The Claimant’s claim is for a declaration that a non-compete clause in his employment contract with the Defendant (“Clause 6”) is unenforceable. This is denied by the Defendant, who says that Clause 6 is a permissible restraint upon the Claimant’s employment as legitimately protecting its proprietary and confidential systems and processes, and enforceable for the reasons set out in its Defence.
The Claimant is now employed in Switzerland, but says that he wishes to return to the United Kingdom to work. Clause 6 expires on 2 February 2024, such that the practical utility of the claim has a short lifespan. The Claimant relies primarily upon these two factors in seeking expedition, alongside a claim for ongoing losses.
After reading the papers (which included three witness statements from the Claimant’s solicitor, Henry Page, a witness statement from the Defendant’s solicitor, Ceri Rogers, and a bundle of documents relevant to the Application) and hearing from the parties, I dismissed the Application, giving short reasons and reserving judgment. This is my reserved judgment.
Background
Clause 6 of the Claimant’s employment contract (or “Fidelity Undertaking”, as it is called by the parties) says:
“I agree that for a period of twelve (12) months after the termination of my employment (howsoever caused) I shall not directly or indirectly carry on or be engaged or interested (whether on my own account or as advisor, consultant, partner, shareholder or employee) in a business in Ireland, the United Kingdom and the United States of America which competes with the business of the Company”.
The Claimant’s case is that the clause is in restraint of trade and unenforceable because, for the reasons set out in paragraph 5 of his Particulars of Claim and paragraphs 17-19 of his Reply, it goes further than is reasonably necessary to protect the Defendant’s legitimate interests.
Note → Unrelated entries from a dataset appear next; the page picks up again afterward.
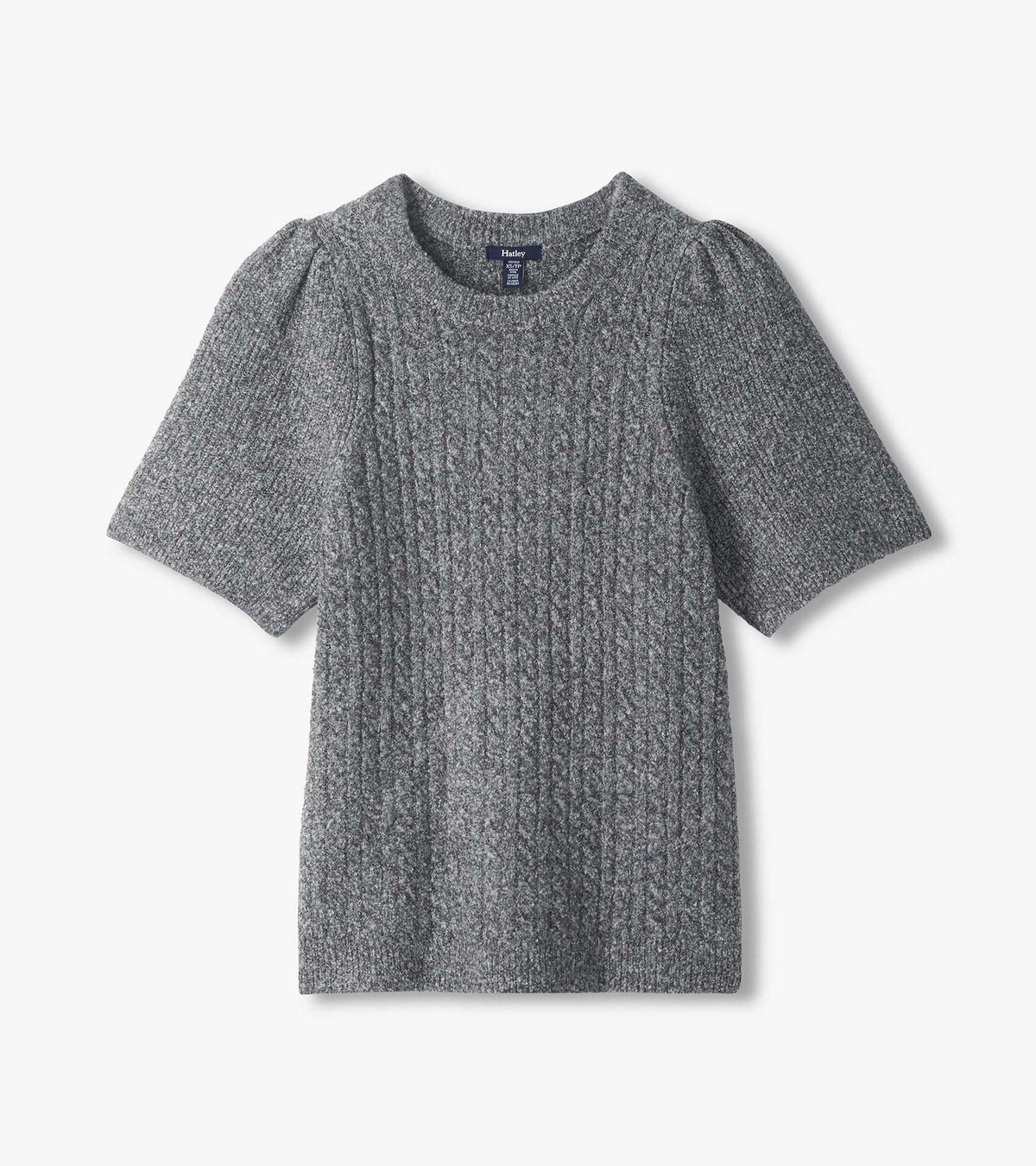 Grey boucle sweater laid flat with short puff sleeves, crew neckline, and ribbed knit texture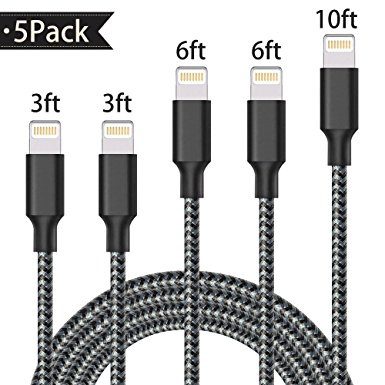 Lightning Cable,AOFU Charger Cables 5Pack 3FT 3FT 6FT 6FT 10FT to USB Syncing Data and Nylon Braided Cord Charger for iPhone X/8/8Plus/7/7Plus/6/6Plus/6s/6sPlus/5/5s/5c/SE and more (Black White)-1806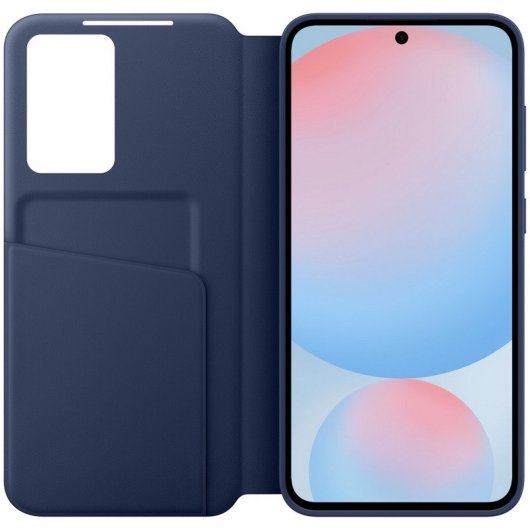Étui portefeuille Samsung Smart View avec porte-cartes bleu foncé pour Galaxy S24 FE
The Claimant gave notice of his resignation to the Defendant on 3 November 2022. By letter dated 9 November 2022 an investment management firm called T Rowe Price International Limited (“TRP”) offered the Claimant a role. On 19 December 2022, the Claimant wrote to the Defendant seeking a waiver of Clause 6. In January 2023 the Defendant wrote to TRP threatening to commence legal proceedings against it if the Claimant took up the role. Thereafter, various correspondence passed between the Defendant, TRP and the Claimant; throughout, the Defendant refused to waive Clause 6 and continued to assert its enforceability.
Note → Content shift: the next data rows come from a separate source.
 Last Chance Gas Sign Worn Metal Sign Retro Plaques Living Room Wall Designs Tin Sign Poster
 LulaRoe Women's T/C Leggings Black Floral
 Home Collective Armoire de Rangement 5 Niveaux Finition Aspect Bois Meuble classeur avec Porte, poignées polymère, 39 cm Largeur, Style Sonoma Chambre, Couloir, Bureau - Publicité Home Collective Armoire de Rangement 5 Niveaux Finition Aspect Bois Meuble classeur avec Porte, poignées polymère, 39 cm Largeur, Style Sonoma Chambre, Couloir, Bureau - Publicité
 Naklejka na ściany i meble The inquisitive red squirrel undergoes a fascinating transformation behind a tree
The Claimant’s last day of employment with the Defendant was 3 February 2023. He was due to start with TRP on 20 February 2023, but on 16 February 2023 TRP withdrew its offer, stating that it was “not prepared to face potential litigation from [the Defendant] and, regretfully, this means we cannot move forward with your hire”.
Thereafter the Claimant made a number of job applications between February and April 2023, one of which (on 6 April 2023) resulted in a job offer in Switzerland which he promptly accepted. He commenced employment in Switzerland on 8 May 2023.
As I mentioned, this claim issued on 17 April 2023. The Claim Form was not served upon the Defendant until 28 April 2023. There was, it seems, some attempt by the parties to resolve matters between themselves but it was clear by early July that no out-of-court resolution was possible. This Application issued on 18 September 2023, some five months after the claim issued. It was originally listed for hearing on 26 September 2023, but was relisted to 3 October for the convenience of the Claimant’s counsel.
Legal framework
In their respective and helpful skeleton arguments, Thomas Westwell (for the Claimant) and Morwenna Macro (for the Defendant) set out the applicable legal principles in applications of this nature. While the relevant legal principles are agreed between them, they placed different emphasis on certain aspects.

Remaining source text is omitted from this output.